Ce fut Daryl qui la ramena sur terre, lorsqu'il s'arrêta avec ses gros souliers sur la caillasse rouge. Elle fronça les sourcils, songeant d'abord qu'il piétinait ce qui ressemblait le plus à la tombe de Denise, puis son visage s'apaisa quand il l'incita à la suivre, d'un coup de tête. Ils s'enfoncèrent dans la forêt, silencieusement avant que le chasseur ne se stoppe net. La jeune femme faillit lui rentrer dedans, mais elle esquissa, au dernier moment, un pas sur le côté d'une agilité étonnante, un vestige de ses cours de danse classique. Elle baissa alors son regard sur ses pieds, là où la terre avait été retournée. On pouvait apercevoir très nettement une différence de profondeur, comme si quelqu'un avait creusé un trou pour y enfouir quelque chose, comme si-

Rosita tourna vivement la tête vers Daryl qui n'osait lui faire face. Ce n'est qu'à ce moment-là qu'elle remarqua qu'il tenait une pelle, pelle qu'il lui tendit par la suite.

« Tout l'monde a le droit à sa sépulture, marmonna-t-il sans articuler, si bien qu'elle eut du mal à entendre le dernier mot. Elle est morte quand elle était avec nous, j'ai fait la moitié et j'pensais que c'était mieux que tu fasses le reste. »
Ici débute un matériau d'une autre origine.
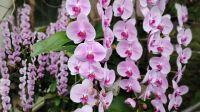Orchideengarten im Botanischen Garten Singapur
Les lèvres de l'hispanique s'étirèrent en un bref rictus, tandis qu'elle attrapa la pelle par son manche terreux. Elle trouvait ça étonnement beau, le fait qu'il s'abandonne à un tel rituel. Elle enfonça la pelle dans le sol, appuya avec son pied, puis déversa son contenu sur la tombe, et ainsi de suite. Le jour de sa mort, ils étaient tous partis en la laissant sur les rails, comme si elle n'avait jamais eu d'importance et, c'était vrai en quelque sorte, elle n'avait jamais eu d'impact important sur leur vie, pourtant cela lui avait laissé un goût amer de la laisser crever la bouche ouverte. Elle pensa à Tara qui lui en aurait tant voulu de n'avoir rien fait pour elle. Elle songea qu'elle avait sauvé la vie de Carl, qu'elle avait soigné la main de Rick, qu'elle avait replacé correctement la clavicule de Carol, qu'elle avait donné des vitamines pour Maggie et son futur bébé. Au fur et à mesure qu'elle essayait de se souvenir de tout ce qu'elle avait fait pour son groupe, les larmes dévalaient ses joues rosies. En fait, elle avait été beaucoup présente dans leur vie et ils ne l'avaient même pas remarqué. Rosita les essuya d'un revers de main, son visage se retrouvant couvert de terre. Personne hormis Daryl n'avait voulu l'honorer comme il se le devait alors, peut-être que sous un certain angle, Denise était aussi une personne solitaire. Quand elle eut fini, elle se retourna vers son camarade qui s'était contenté de la fixer tout du long, l'air absent avec une cigarette allumée coincée au coin de ses lèvres.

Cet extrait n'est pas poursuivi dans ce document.